杉本純のブログ

本を読む。街を見る。調べて書く。

何気ない言葉

取材と原稿執筆をメインの仕事にしている中で、何が仕事の喜びかと聞かれると、やはり取材することだ。

取材先で一期一会の相手と話し、相手の仕事や仕事観、ひいては人生観までも聞かせてもらう。これは意外と得るものが多く、特に私の好きな建設や街づくりに関して聞かせてもらう取材があると、いつも発見があって興奮する。

次に、喜び、というか嬉しさを感じるのは、クライアント担当者から感謝されたり、褒められたりすることだ。私はあまり真面目な人間ではないし、性悪説を信奉するところのあるひねくれ者でもあるので、褒め言葉や感謝の言葉には裏があるんじゃないかと思うほどなのだが、それでも正直に言うと、やはり嬉しい。

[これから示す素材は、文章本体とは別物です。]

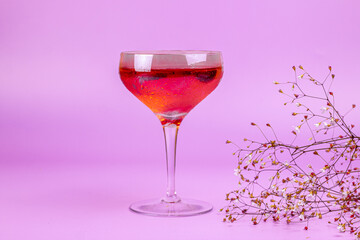 Summer cocktail and little flowers on pink background. Refreshing summer drink abstract concept.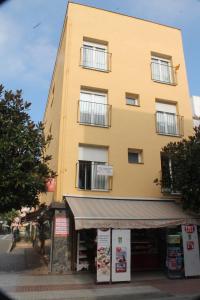 un edificio alto amarillo con una tienda delante en Apartaments Can Claudi, en Tossa de Mar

先日、あるクライアントから褒めていただいたのだが、その内容が特に嬉しかった。

会社員である私のことをある人に紹介する時、

(杉本は)ぜんぜんフリーランスでもやっていける人…

と、言ってくださったのだ。言い方は何気ないごく自然な、以前からそう思ってくださっていたような感じだった。ちなみにそのクライアントは取材を発注する時はいつも私を指名してくださる方なのだが、正直に言って、まさかそこまで思っていてくださったとは思っていなかった。また私以外のライター、恐らくフリーライターとも多く仕事をしていて、色んなライターを見てきた経験を踏まえて言ってくださったように思う。

これは、単に取材が上手い、原稿が上手い、などという褒め言葉よりもずっと嬉しいものだ。会社に属していなくてもやっていけるだろう、ということで、つまり技術的な面でなくその他の対応力なども買ってくださっているのだと思う。

面と向かって言われると、それこそ何か考えがあってそう言ったように聞こえるが、人に私を紹介する言葉として言ってくれたのだし、クライアントは私がフリーになるなどと思っているはずがない。何気なく、自然に出た言葉だった。だからこそ自信につながった。